Part III: Deep Learning for Computer Vision
Chapter 20: CNN Architectures: From LeNet to ConvNeXt

Chapter 20: CNN Architectures: From LeNet to ConvNeXt

"Every year they told me I was too shallow, too wide, too slow, too heavy. So every year I removed the one thing holding me back. A decade later I am still made of the same nine-number filter, just arranged by people who finally read the gradient."
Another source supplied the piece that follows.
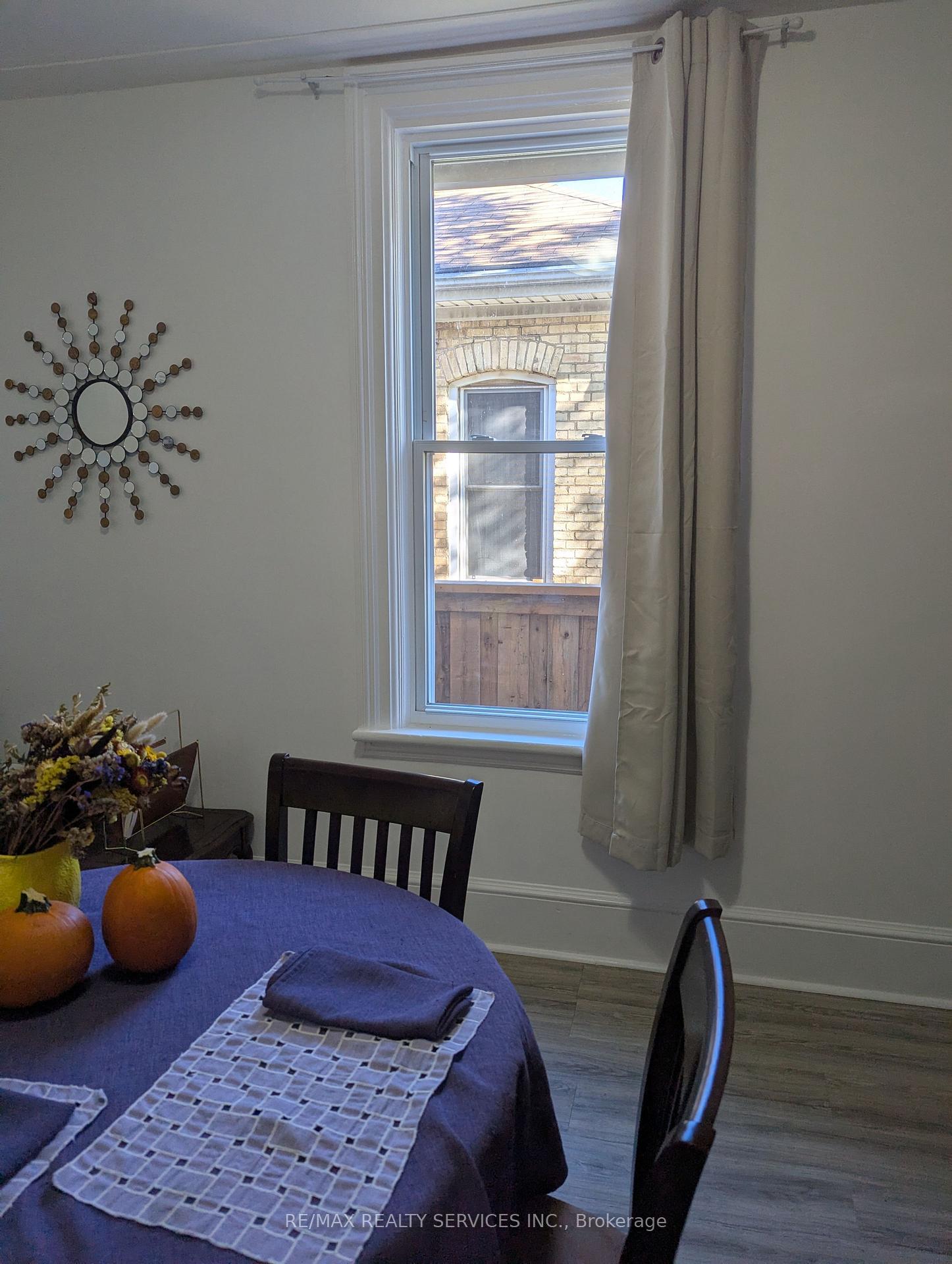 Photo 8 of 159 Wellington Street, Cambridge, East Galt — HOMEH
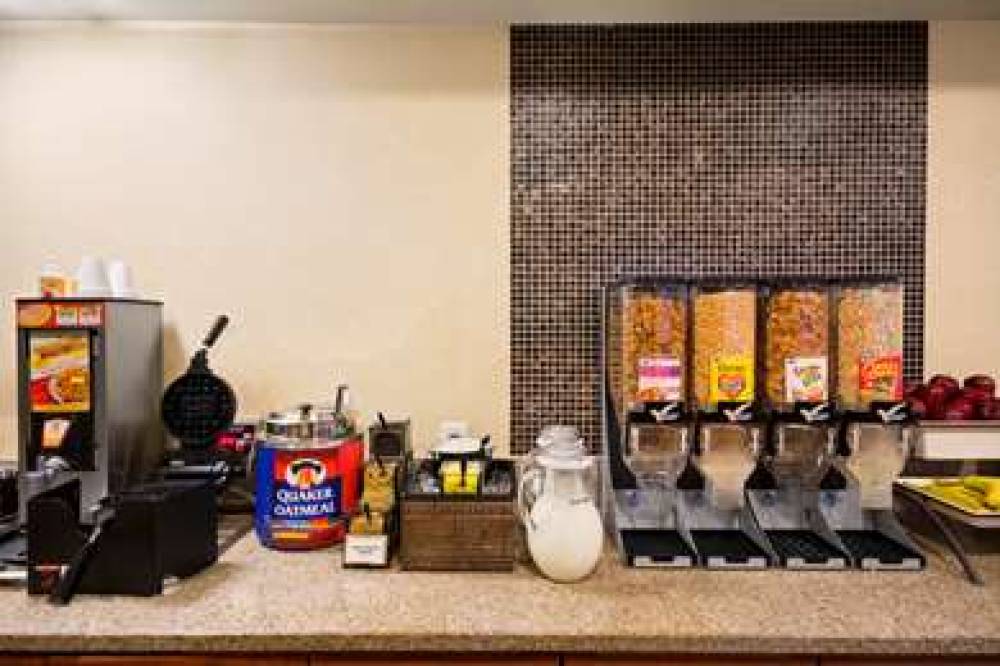 Country Inn & Suites By Radisson, Atlanta I-75 South, GA 9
A Convolutional Network on Its Tenth Redesign
Big Picture

This chapter is the story of one operation, the learnable convolution of Chapter 19, redesigned a dozen times over a decade, where each redesign removes the single bottleneck that capped the previous one. Read in sequence, the great architectures are not a museum of unrelated tricks; they are a chain of root-cause fixes. AlexNet removed the compute ceiling with GPUs and ReLU. VGG removed the kernel-size guesswork by stacking small filters. Inception removed the scale-selection problem by computing several scales at once. ResNet removed the depth ceiling with a skip connection that let gradients flow. MobileNet and EfficientNet removed the cost ceiling for phones and edge devices. ConvNeXt removed the assumption that you needed a transformer at all. Learn the bottleneck each design attacked and you will never again memorize an architecture; you will be able to reconstruct it from the problem it solved.

One sentence to carry the whole chapter: every architecture is the answer to "what capped the last one?" If you remember only that question, the chapter rebuilds itself.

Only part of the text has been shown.